PROBLEM REQUIREMENTS:
What you return should match the data below exactly, with no pictures in it.

[MATERIALS PROVIDED — start]

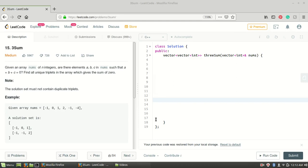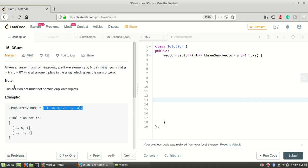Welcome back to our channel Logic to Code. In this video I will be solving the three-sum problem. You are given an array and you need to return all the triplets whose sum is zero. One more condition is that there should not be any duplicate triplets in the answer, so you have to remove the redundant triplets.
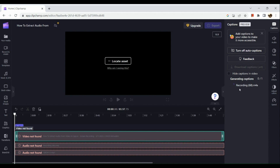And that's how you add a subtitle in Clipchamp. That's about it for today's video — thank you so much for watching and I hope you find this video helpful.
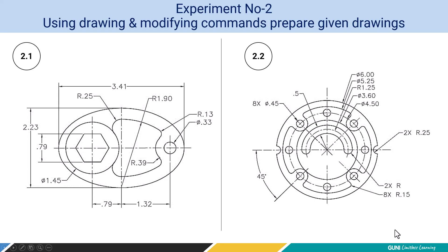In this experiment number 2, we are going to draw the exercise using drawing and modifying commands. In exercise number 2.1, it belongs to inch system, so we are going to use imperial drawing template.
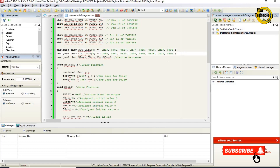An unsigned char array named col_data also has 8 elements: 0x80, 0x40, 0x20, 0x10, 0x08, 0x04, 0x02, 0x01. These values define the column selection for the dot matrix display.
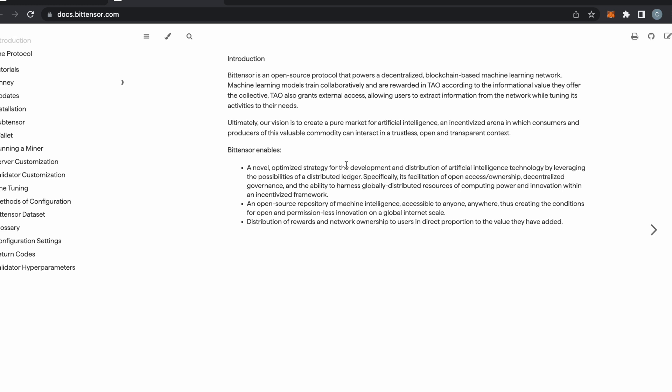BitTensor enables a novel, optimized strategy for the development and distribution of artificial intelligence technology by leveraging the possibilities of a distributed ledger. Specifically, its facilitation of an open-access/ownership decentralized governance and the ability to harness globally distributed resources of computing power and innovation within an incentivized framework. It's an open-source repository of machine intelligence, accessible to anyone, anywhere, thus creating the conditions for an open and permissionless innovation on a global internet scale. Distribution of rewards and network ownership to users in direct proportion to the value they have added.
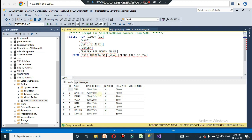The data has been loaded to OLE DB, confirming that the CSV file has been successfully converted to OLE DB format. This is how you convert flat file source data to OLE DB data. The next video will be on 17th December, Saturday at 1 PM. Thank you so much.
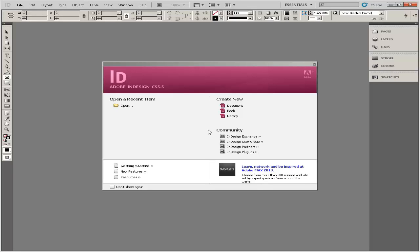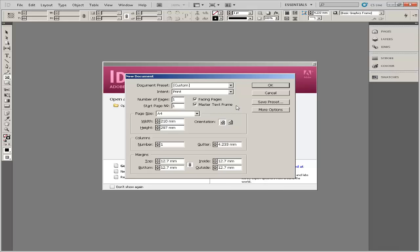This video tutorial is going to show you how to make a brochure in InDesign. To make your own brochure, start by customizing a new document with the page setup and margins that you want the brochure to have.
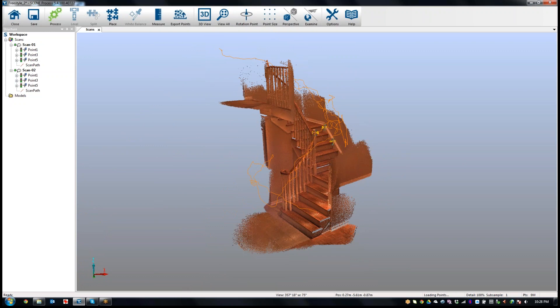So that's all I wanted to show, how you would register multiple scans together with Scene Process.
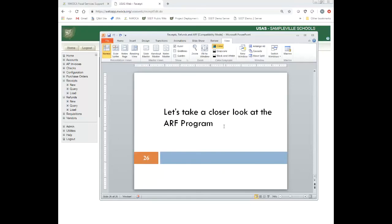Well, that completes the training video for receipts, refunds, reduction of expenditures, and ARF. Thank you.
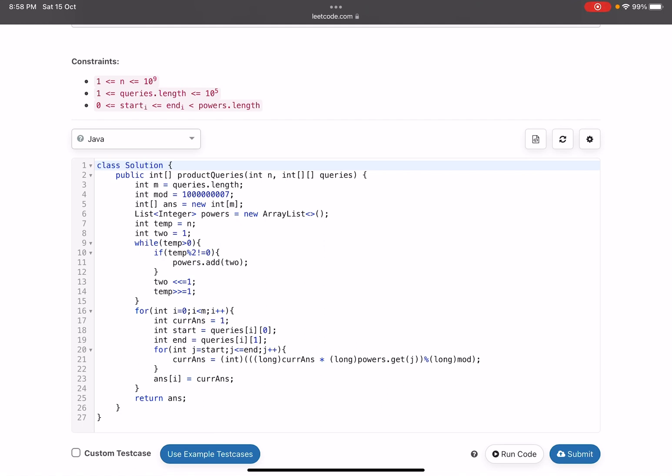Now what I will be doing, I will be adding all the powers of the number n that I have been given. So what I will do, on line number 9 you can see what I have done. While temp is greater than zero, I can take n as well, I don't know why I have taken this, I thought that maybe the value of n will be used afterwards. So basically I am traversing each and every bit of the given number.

[MATERIALS PROVIDED — finish]

RESPONSE BELOW:
Welcome back to our channel Logic to Code. In this video I will be solving the three-sum problem. You are given an array and you need to return all the triplets whose sum is zero. One more condition is that there should not be any duplicate triplets in the answer, so you have to remove the redundant triplets.
And that's how you add a subtitle in Clipchamp. That's about it for today's video — thank you so much for watching and I hope you find this video helpful.
In this experiment number 2, we are going to draw the exercise using drawing and modifying commands. In exercise number 2.1, it belongs to inch system, so we are going to use imperial drawing template.
An unsigned char array named col_data also has 8 elements: 0x80, 0x40, 0x20, 0x10, 0x08, 0x04, 0x02, 0x01. These values define the column selection for the dot matrix display.
BitTensor enables a novel, optimized strategy for the development and distribution of artificial intelligence technology by leveraging the possibilities of a distributed ledger. Specifically, its facilitation of an open-access/ownership decentralized governance and the ability to harness globally distributed resources of computing power and innovation within an incentivized framework. It's an open-source repository of machine intelligence, accessible to anyone, anywhere, thus creating the conditions for an open and permissionless innovation on a global internet scale. Distribution of rewards and network ownership to users in direct proportion to the value they have added.
The data has been loaded to OLE DB, confirming that the CSV file has been successfully converted to OLE DB format. This is how you convert flat file source data to OLE DB data. The next video will be on 17th December, Saturday at 1 PM. Thank you so much.
This video tutorial is going to show you how to make a brochure in InDesign. To make your own brochure, start by customizing a new document with the page setup and margins that you want the brochure to have.
So that's all I wanted to show, how you would register multiple scans together with Scene Process.
Well, that completes the training video for receipts, refunds, reduction of expenditures, and ARF. Thank you.
Now what I will be doing, I will be adding all the powers of the number n that I have been given. So what I will do, on line number 9 you can see what I have done. While temp is greater than zero, I can take n as well, I don't know why I have taken this, I thought that maybe the value of n will be used afterwards. So basically I am traversing each and every bit of the given number.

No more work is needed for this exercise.